As of Thursday, Scott leads Nelson by almost 22,000 votes, leaving a margin of less than half of 1 percent between them. And ballots are still being counted in South Florida.
"I expect that to close further as the day progresses today," said Nelson's attorney, Marc Elias.
Elias said Thursday that those ballots, along with provisional ballots, could call for a hand recount.
If the Senate race remains tighter than a 0.5 percent difference, the state can order a machine recount, the results of which would be due a week from Thursday.
If those results are tighter than a 0.25 percent margin, there will be a recount by hand, and those results wouldn't be official until Nov. 18.

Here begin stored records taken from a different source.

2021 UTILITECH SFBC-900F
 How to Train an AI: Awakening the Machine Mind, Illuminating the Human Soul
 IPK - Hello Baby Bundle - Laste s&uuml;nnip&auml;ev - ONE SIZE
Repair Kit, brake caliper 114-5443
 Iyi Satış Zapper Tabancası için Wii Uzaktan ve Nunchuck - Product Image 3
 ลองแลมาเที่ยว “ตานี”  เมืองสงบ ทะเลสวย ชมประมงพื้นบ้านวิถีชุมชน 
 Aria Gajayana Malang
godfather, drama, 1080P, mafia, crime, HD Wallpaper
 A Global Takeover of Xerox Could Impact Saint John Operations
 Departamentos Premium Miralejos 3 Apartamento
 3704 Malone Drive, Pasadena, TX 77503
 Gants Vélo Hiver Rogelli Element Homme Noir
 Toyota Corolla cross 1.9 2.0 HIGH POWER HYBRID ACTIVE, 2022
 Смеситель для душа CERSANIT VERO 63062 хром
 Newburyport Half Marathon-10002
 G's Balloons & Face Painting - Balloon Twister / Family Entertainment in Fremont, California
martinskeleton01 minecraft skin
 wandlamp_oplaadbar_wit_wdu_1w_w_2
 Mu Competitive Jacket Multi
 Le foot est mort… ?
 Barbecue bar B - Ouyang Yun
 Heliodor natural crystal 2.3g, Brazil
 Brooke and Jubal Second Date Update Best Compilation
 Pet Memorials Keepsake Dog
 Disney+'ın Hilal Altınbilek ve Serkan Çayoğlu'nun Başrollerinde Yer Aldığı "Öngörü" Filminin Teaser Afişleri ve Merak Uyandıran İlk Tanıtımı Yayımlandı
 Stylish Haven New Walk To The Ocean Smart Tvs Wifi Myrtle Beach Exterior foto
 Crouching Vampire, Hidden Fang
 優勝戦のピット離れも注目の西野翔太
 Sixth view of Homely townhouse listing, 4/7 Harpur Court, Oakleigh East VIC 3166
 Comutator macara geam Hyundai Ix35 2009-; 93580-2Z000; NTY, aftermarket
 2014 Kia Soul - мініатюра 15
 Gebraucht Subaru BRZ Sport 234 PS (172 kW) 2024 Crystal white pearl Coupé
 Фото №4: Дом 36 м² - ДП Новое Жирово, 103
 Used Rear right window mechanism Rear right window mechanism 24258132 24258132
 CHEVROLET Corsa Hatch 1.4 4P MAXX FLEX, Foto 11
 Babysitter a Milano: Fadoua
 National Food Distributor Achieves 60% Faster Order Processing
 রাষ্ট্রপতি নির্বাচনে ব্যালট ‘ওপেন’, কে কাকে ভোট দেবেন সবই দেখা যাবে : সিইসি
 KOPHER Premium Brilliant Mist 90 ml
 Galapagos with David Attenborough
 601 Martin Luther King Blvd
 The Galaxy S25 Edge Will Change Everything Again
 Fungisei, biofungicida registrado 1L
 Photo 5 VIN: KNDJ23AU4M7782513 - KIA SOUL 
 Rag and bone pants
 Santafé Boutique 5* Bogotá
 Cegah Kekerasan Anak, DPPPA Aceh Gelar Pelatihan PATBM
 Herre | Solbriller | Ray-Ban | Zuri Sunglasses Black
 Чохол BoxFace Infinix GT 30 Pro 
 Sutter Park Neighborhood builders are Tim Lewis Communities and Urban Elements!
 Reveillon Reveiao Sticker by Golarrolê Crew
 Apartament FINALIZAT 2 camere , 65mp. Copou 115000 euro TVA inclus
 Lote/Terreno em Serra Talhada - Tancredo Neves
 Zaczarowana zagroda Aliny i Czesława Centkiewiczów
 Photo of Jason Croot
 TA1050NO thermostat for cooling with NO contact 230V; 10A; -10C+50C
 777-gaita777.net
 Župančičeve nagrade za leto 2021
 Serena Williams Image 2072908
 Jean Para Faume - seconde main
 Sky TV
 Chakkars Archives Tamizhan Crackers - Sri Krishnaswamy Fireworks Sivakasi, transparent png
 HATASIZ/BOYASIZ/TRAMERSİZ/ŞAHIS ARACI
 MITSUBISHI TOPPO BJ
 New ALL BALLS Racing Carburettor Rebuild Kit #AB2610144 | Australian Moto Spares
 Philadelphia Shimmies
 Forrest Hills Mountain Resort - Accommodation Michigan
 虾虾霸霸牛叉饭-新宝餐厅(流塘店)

County elections offices have until Saturday to submit their unofficial totals.
Nelson put out a statement Wednesday calling for a recount.
A candidate himself cannot call for a recount, according state law. Only the secretary of state can do so.
Rick Scott's campaign responded by saying that the race is over.
"It's a sad way for Bill Nelson to end his career. He is desperately trying to hold on to something that no longer exists," said Chris Hartline, spokesman for Scott for Florida.
Scott's campaign doubled down on Thursday, issuing a statement claiming that Nelson is trying to steal the election.
"It is sad and embarrassing that Bill Nelson would resort to these low tactics after the voters have clearly spoken," the release said. "Maybe next, he'll start ranting that Russians stole the election from him."
In a speech to supporters in Naples just before midnight on Tuesday, Scott said he was confident in his victory.
"We've done this for over 200 years, and after these campaigns we come together and that’s what we're gonna do, we come together," he said. "So thank you to all of you because everyone in this room has been a part of it.”
Nelson has not conceded the race, and never came out to speak to the crowd at his campaign watch party Tuesday night.
Nelson has served in the Senate since 2001, and before that in Congress since 1979.